» Activity: Only one portion of the data is to be written out: from the line bearing "Nine - 200M" through the line bearing "Rayon Slub Embroidered". Write it exactly as it appears.

Records contained in a dataset

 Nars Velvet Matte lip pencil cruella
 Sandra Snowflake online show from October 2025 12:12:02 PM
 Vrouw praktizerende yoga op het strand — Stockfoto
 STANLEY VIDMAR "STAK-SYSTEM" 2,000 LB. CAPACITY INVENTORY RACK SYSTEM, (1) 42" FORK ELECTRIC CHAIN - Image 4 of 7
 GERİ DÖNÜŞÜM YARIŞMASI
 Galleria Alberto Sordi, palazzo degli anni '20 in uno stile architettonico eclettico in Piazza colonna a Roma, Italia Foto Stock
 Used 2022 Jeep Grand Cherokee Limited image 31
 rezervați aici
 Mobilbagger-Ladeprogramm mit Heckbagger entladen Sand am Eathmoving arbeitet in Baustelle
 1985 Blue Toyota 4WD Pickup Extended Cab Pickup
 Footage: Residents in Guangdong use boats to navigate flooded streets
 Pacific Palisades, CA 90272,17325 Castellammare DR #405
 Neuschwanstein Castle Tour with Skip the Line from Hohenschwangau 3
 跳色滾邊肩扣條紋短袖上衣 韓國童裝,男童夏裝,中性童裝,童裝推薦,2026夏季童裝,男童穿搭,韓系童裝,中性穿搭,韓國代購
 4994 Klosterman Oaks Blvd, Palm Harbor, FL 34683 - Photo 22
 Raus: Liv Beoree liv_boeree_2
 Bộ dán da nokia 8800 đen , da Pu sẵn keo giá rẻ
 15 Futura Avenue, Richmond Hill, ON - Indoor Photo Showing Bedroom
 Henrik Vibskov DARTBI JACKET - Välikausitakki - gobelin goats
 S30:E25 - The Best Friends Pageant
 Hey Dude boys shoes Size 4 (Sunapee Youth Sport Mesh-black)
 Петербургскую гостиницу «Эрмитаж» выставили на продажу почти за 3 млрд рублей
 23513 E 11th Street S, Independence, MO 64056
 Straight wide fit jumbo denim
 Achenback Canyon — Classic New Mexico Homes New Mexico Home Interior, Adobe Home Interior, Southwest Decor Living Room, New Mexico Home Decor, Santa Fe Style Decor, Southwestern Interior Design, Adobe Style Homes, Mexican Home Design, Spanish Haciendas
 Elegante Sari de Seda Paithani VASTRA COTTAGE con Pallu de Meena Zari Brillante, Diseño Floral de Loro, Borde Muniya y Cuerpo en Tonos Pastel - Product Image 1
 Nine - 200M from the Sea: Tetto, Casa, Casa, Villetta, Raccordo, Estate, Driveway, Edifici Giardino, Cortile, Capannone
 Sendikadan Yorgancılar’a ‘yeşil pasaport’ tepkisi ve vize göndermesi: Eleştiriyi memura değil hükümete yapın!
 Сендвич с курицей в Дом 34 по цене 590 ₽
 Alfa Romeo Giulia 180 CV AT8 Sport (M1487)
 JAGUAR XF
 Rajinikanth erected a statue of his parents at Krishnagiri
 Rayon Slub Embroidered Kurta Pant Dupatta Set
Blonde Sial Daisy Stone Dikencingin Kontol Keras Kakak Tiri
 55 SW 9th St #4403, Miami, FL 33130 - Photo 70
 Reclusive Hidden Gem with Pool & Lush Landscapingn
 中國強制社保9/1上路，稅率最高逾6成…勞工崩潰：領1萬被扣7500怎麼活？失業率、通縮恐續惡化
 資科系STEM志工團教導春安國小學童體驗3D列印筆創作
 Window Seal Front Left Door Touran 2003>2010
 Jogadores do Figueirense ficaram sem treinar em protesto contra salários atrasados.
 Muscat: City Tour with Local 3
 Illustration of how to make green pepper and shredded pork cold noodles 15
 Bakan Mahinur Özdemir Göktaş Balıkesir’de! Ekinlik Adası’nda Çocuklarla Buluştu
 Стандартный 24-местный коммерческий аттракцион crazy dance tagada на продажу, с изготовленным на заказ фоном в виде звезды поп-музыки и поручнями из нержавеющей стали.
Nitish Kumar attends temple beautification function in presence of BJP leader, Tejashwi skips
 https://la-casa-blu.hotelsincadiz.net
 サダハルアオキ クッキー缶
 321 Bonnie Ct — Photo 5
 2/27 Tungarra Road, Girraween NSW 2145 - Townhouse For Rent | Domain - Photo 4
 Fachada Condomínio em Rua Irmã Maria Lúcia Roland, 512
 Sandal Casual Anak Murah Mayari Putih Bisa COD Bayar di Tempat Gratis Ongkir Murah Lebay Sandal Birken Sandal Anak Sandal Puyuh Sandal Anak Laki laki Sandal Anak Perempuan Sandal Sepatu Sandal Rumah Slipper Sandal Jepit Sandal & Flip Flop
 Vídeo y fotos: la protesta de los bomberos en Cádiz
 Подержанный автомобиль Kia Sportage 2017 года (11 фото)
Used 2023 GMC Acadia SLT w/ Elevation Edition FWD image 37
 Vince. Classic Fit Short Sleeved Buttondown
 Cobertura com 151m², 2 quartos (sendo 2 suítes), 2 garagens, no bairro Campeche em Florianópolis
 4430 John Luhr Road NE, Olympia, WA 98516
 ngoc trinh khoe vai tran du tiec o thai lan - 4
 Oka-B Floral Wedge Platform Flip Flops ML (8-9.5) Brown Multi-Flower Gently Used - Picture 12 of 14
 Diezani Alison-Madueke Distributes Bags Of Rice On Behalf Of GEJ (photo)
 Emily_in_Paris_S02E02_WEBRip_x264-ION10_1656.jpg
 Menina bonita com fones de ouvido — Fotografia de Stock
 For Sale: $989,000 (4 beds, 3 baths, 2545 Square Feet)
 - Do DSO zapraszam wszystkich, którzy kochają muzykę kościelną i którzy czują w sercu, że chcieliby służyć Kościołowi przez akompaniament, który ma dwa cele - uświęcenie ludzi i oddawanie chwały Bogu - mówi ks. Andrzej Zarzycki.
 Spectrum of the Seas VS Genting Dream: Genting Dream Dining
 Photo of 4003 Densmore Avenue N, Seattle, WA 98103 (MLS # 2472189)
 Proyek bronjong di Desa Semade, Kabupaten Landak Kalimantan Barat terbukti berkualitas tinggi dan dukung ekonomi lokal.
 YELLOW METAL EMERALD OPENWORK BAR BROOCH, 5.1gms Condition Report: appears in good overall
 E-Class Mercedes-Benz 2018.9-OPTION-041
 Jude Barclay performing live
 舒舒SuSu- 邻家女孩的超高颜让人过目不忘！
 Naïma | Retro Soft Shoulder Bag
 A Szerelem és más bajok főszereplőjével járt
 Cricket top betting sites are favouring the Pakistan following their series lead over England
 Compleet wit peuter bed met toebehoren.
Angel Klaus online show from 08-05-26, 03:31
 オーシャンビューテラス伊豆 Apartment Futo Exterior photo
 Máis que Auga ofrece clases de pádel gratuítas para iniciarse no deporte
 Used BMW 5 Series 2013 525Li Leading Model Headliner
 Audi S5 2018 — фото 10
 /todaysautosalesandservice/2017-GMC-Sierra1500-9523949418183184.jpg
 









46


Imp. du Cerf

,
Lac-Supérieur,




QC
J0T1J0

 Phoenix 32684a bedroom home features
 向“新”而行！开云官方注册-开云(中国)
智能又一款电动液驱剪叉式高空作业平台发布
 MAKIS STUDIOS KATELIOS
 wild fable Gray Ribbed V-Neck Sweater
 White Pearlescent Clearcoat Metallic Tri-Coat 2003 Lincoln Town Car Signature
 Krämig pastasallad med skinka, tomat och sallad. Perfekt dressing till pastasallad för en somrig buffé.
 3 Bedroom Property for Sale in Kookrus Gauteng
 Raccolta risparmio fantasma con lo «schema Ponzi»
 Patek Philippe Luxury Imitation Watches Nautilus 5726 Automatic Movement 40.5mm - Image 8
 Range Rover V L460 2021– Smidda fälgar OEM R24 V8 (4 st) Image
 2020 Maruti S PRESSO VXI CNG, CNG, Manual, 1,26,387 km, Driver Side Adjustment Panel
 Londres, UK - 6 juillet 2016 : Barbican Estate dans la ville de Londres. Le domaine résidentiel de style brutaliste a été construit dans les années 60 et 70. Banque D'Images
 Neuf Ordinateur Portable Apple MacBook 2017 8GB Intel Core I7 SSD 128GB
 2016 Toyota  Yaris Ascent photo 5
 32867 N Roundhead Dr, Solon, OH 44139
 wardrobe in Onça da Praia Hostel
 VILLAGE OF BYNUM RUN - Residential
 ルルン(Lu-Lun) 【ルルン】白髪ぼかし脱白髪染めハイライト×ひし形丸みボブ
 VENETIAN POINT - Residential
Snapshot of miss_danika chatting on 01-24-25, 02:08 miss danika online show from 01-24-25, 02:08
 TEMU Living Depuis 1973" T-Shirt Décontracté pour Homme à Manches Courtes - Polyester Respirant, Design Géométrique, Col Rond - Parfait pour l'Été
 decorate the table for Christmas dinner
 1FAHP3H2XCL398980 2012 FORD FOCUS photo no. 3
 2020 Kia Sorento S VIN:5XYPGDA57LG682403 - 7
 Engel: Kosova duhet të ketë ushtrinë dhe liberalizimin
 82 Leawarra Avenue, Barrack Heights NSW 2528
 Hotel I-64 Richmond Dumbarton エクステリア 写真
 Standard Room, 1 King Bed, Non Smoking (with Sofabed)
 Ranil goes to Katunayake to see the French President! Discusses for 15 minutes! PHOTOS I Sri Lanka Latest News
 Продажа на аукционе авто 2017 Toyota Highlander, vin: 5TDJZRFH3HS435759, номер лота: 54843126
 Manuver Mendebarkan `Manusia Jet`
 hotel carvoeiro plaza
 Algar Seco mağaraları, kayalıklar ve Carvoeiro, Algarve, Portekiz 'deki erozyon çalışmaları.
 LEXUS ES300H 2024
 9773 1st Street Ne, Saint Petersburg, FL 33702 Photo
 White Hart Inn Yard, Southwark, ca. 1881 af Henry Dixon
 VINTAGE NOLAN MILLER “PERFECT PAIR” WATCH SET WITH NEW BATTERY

» Solution to this task:
 Nine - 200M from the Sea: Tetto, Casa, Casa, Villetta, Raccordo, Estate, Driveway, Edifici Giardino, Cortile, Capannone
 Sendikadan Yorgancılar’a ‘yeşil pasaport’ tepkisi ve vize göndermesi: Eleştiriyi memura değil hükümete yapın!
 Сендвич с курицей в Дом 34 по цене 590 ₽
 Alfa Romeo Giulia 180 CV AT8 Sport (M1487)
 JAGUAR XF
 Rajinikanth erected a statue of his parents at Krishnagiri
 Rayon Slub Embroidered Kurta Pant Dupatta Set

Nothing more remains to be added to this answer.